Experiment: A humanoid robot supports the participant of the study to solve a math puzzle. Do participants perceive the robots differently if the robots are described with anthropomorphic framing or functional framing?

Response variable: Perception of the robot (humanness, eeriness, acceptance)

Anthropomorphic framing

  • the robot has a name
  • has a personal story
  • has a favorite color and hobbies
  • pronoun: him

Functional framing

  • height, weight
  • pronoun: it

Response variable: Perception of the robot (humanness, eeriness, acceptance)

Anthropomorphic framing

  • the robot has a name
  • has a personal story
  • has a favorite color and hobbies
  • pronoun: him

\(n_1=20\)
\(\bar x_1 = 3.18\)
\(s_1 = 0.57\)

Functional framing

  • height, weight
  • pronoun: it


\(n_2=20\)
\(\bar x_2 = 3.07\)
\(s_2 = 0.29\)

Conditions

  • Independence within groups

  • Independence between groups

  • Normality

CI

\(\bar x_1 - \bar x_2 \pm t^*_{df} \times \sqrt{\frac{s_1^2}{n_1} + \frac{s_2^2}{n_2}}\)

95% CI

xbar1 <- 3.18
xbar2 <- 3.07
point_estimate <- xbar1-xbar2
point_estimate
[1] 0.11
s1 <- 0.57
s2 <- 0.29
n1 <- 20
n2 <- 20
critical_value <- qt(0.975, df = 19) 
# we use the smaller group's n-1

critical_value
[1] 2.093024
se <- sqrt((s1^2)/n1 + (s2^2)/n2)
se
[1] 0.1430035

95% CI

point_estimate - critical_value*se
[1] -0.1893098
point_estimate + critical_value*se
[1] 0.4093098

95% CI = (-0.1893098 , 0.4093098)

Hypothesis Testing

Step 1: Set Hypotheses

\(H_0: \mu_1-\mu_2 = 0\)
\(H_A: \mu_1-\mu_2 \neq 0\)

Step 2: Identify the Sampling Distribution

\((\bar x_1 - \bar x_2) \sim \text{approximately }N(\text{mean} = \mu_1 - \mu_2, \text{sd} = \sqrt{\frac{\sigma_1^2}{n_1}+ \frac{\sigma_2^2}{n_2}})\)

If the null hypothesis is true then the sampling distribution will be approximately normal

\(N(\text{mean} = 0, \text{sd} = \sqrt{\frac{0.57^2}{20}+\frac{0.29^2}{20}})\)

\(N(\text{mean} = 0, \text{sd} = 0.14)\)

Where does the point estimate fall on the sampling distribution?

\(\frac{(3.18-3.07)-0}{0.14} = 0.79\)

Step 3: Calculate p-value

pt(0.79, df = 19, lower.tail = FALSE) * 2
[1] 0.4392768

Step 4: Decision and Conclusion

If the null hypothesis were true ( \(\mu_1 - \mu_2 = 0\) ) then the probability of observing a difference in means in the sample that is at least as extreme as the difference ( \(\bar x_1 - \bar x_2\) ) that we have observed is 0.44 which is greater than 0.05. The sample we have observed does not serve as an evidence against the null.
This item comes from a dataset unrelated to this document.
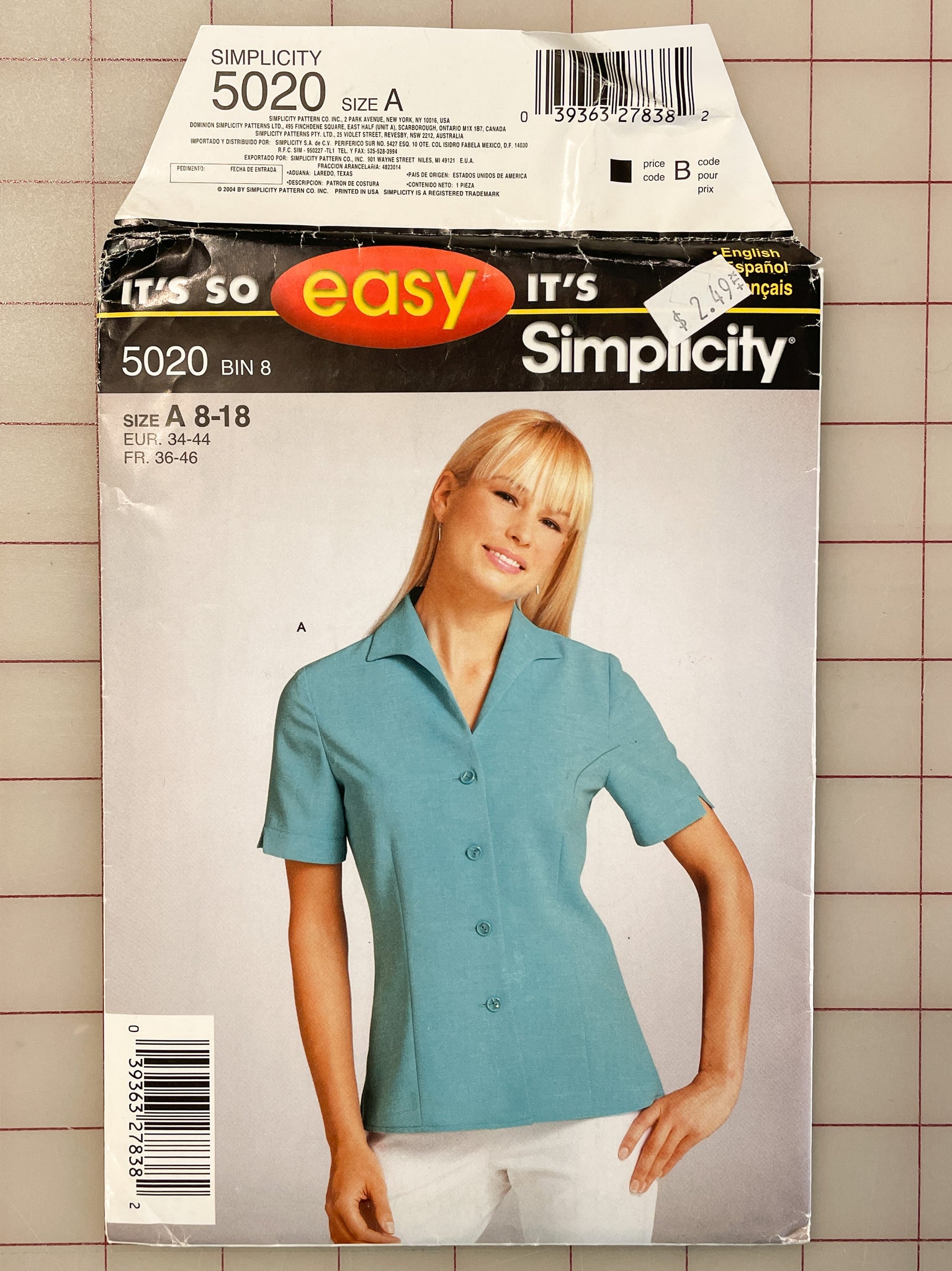 SALE 2004 Simplicity 5020 Pattern - Women's Shirt FACTORY FOLDED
We fail to reject the null. We CANNOT conclude that there is not a significant difference in humans perception of humanoid robots between anthropomorphic framing and functional framing.

Paired Means or Difference of Two Means?

Paired Data

Two sets of observations are paired if there is one-to-one correspondence on each observation.

Example 1

The General Social Survey collects data on demographics, education, and work, among many other characteristics of US residents. A data anlyst examines the data from 2016 and finds those with a college degree worked 38.8 hours on average in a typical week, those without a college degree worked 41.3 hours. Write hypotheses that test whether there is any significant difference between average hours of work of those who have a college degree and those who do not.

Example 2

A statistics professor thinks that talking to students about self-confidence will help them improve their self confidence. She gives students a survey about self-confidence and then uses the scores to calculate a self-confidence score of each student. Then she talks to students about self-confidence and then gives them the survey again. Write hypotheses that test the statistics professor’s question.

Example 3

Many websites do A/B testing. During A/B testing they have two versions of the website A and B. When users log onto the website, random half of the users see Version A and and the other random half of the users see Version B. In one version of a web page (version A) users spend on average 3.18 minutes on the web page. In the other version of the web page (version B) they spend on average 2.97 minutes. Write hypotheses to test whether version A leads to users spending more time on the web page than version B.

Example 4

The following is an excerpt from a research study by Peterson DAM, Biederman LA, Andersen D, Ditonto TM, Roe K (2019).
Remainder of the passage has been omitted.